Across the country, universities set up tents that accommodate parents who just brought their kids in. For one, Shantou University in Guangdong prepared 28 tents for the move-in period at the end of August, Quartz noted.
Schools are currently divided over tolerance of the practice, which started four years ago at Tianjin University. Independence is part of growing up, but family ties are paramount in Chinese culture.
One Weibo commenter defended the custom (via Whats On Weibo):
“What’s wrong with parents seeing off their kids? Who says it is a sign of their non-independence? When I just went to university, my parents also went with me. They stayed in a hotel, I stayed in my dorm room. After the registration process was finished, we went out to see my new town and new university together. It was like a family trip. I don’t see what’s bad about that.”
The fact that most Chinese families only have one child is also part of the picture. One parent, Eve Zhang, said her daughter, Zhang Yan, has never stayed in a dormitory:
“We were very worried. So her father and I took ten days off and accompanied our daughter to Shanghai. Not until we saw for ourselves that she was settled did we feel relieved.”
Shantou originally let parents stay in classrooms, but they had no beds. Its tent accommodations had mats and air-conditioning, but most importantly, they were free of charge. Hot water and shower facilities were also available.

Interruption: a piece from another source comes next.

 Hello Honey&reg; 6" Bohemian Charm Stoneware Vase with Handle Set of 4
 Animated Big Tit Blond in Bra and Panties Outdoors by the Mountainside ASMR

Two-person tents were mostly shared by couple parents, but sharing with strangers is not surprising. Huang Yiming, whose child was admitted to an engineering program, slept with another person:
“We couldn’t find an affordable and convenient hotel near the school because they were already fully booked, and there were dozens of other parents in a similar situation.”
These parents can’t wait for the holidays, when kids finally come home. But as they leave the comforts of these tents, calling and texting seem to be the most convenient options to keep up.